遡(さかのぼ)ること八年まえ、長浜城にて秀吉・秀長兄弟はある吉日、母者の“なか”から、双子の存在をきかされたのである。

「それにしても、ようも探しだしたもんじゃと、先日来、ほとほと感心していたところじゃ」

ゆくえ知れずとなっていた双子の弟を、しかも秘密裏に見つけだした草の者のはたらきに、身内おもいの秀吉は、感動すらしたのである。

やがての初面談のとき、長浜城主の立場になった兄として、不遇だった弟の手をとり、涙目で破顔したのだった。感激屋の姿そのままに。

ところでこの時代、双子をともに育てるということは、まずありえなかった。犬や猫のごとき畜生のようだ(畜生腹)と、忌み嫌われたからだ。片方は、間引かれるか里子にだされたのである。

ことに武家や商家だと、相続問題を将来ひきおこすと、実利的にもきらっていたのだ。

ぎゃくに弟は、命を生み育てる水呑み百姓の子倅ゆえに、生命はだいじとて間引く非道はせず、引きとり手を捜したのであろう。

その、引きとってくれた里親はしかし、戦乱の世のあおりでいつしか、その行方がわからなくなってしまっていた。里親も貧農だったのだろう。

秀吉はさっそく、竹中半兵衛にめいじたのである。八方に忍びをおくりこみ、生きわかれた弟をひそかに探しだすようにと。

ちなみに官兵衛は、これほどの重大機密ではあったが、半兵衛から聞き知っていたのだ。

それほどの、ふたりは心友だったといっていい。それを証拠づける文献は見当たらないが、以下が、証拠といっていい。略記すると、

荒木村重謀反(有岡城の戦い)をしった信長は、翻意をうながす使者となった官兵衛が、いっこうに帰城せず、むろん報告もしないことで、ぎゃくに村重側についたと逆上し、官兵衛嫡男の松寿丸を殺せと命じた。

にもかかわらず半兵衛は、信長の眼からかくまいつづけた(これにも異説あり。いろんな歴史家がいるから…)のである。鬼の信長に逆らってまで。よって、それほどの仲だったのだ。
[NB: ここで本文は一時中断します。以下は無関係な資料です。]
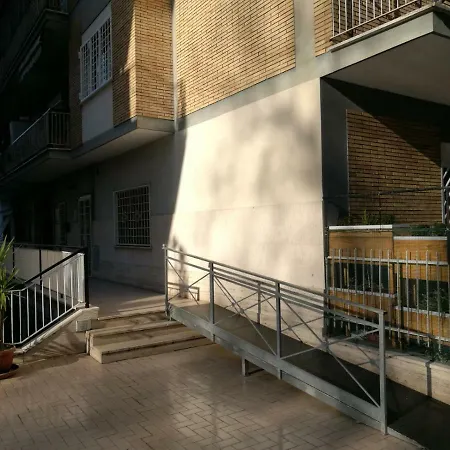 Alloggio Turistico Le Fioriere Apartment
また、機密を共有してこその、織田家中における軍師仲でもあった。また必要性も無視できない。

さて、で、忍びにあたえた情報はというと、似顔絵と出生の年月日および出生地の当時の地名・里親の名やそのほか、生母なかがおぼえているかぎりのものであった。
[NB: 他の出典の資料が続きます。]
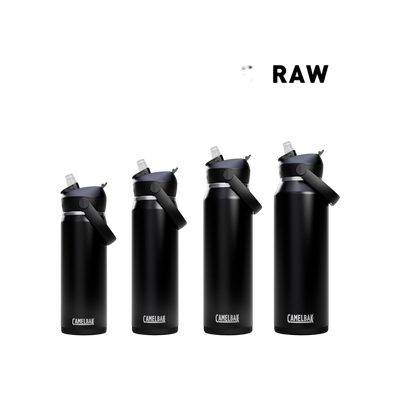 Camelbak Thrive Flip Straw Vacuum 0,6 L Sky Blue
家臣ではない忍びをつかったのは、秀吉の顔を見しらぬことが、その第一要因であった。

捜索対象者の素性や捜索目的をしらされていない以上、いくら情報通のかれらといえども、依頼者の意図を憶測することすらできないはずだと。

また領主といえる主がいないかれらは、金銭でうごくために、現在でいうところの守秘義務には忠実であった。信頼をなくせば仕事にありつけないという点では、いまと同様である。だからある意味、家臣より信用できたのだ。

そしてこれも当然なのだが、羽柴家としては、双子の存在をしるす文献をのこさせなかった。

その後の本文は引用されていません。